If I were a junior, it would be kind of scary because companies are hiring fewer juniors. But the juniors who are hungry to learn will have AI as the best teacher they could have.
Juho Eräste
Taito.ai

The question is whether juniors can learn as effectively when AI handles much of the mechanical work. “Maybe the raw mechanical repetitions of writing code — that's harder to get good at when there's a shortcut," Jern reflects. “But the broader knowledge part is easier because you can ask and see what AI does, and think about why.”

Hiring juniors requires something some lean teams lack: senior engineers with bandwidth for mentorship. When you’re deliberately minimizing headcount, developing talent requires intentional investment that some teams can’t prioritize.

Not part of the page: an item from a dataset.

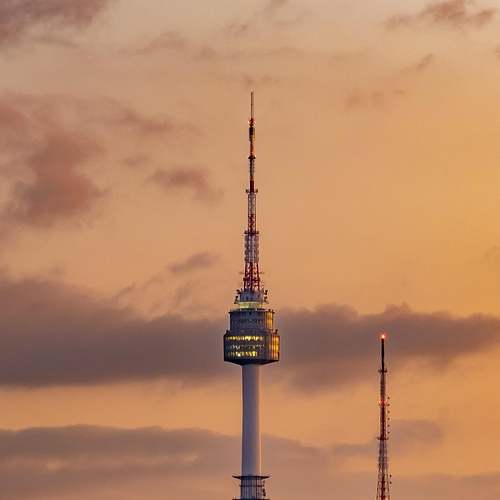 경성크리처 2: 사랑과 운명의 경계를 넘어서는 이야기를 만나다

As one industry observer argues, AI won’t kill junior developers, but companies’ refusal to hire and train them might. The threat is the short-term thinking that sees juniors as expendable when AI can handle what used to be seen as ‘junior tasks’.

The high-stakes bet on lean teams

What’s happening in these Nordic experiments goes beyond building good products. These companies are redefining how software teams work when implementation becomes cheap and judgment stays expensive.

While traditional engineering organizations carry decades of accumulated processes and dependencies, these startups are designing organizations assuming AI exists, rather than retrofitting AI into organizations built assuming it doesn’t.

It’s a high-stakes bet. Will this approach deliver lasting business value when the AI hype settles? For startups betting everything on this model, there is no plan B.

But then again, for companies competing against incumbents with 100x their resources, there never was.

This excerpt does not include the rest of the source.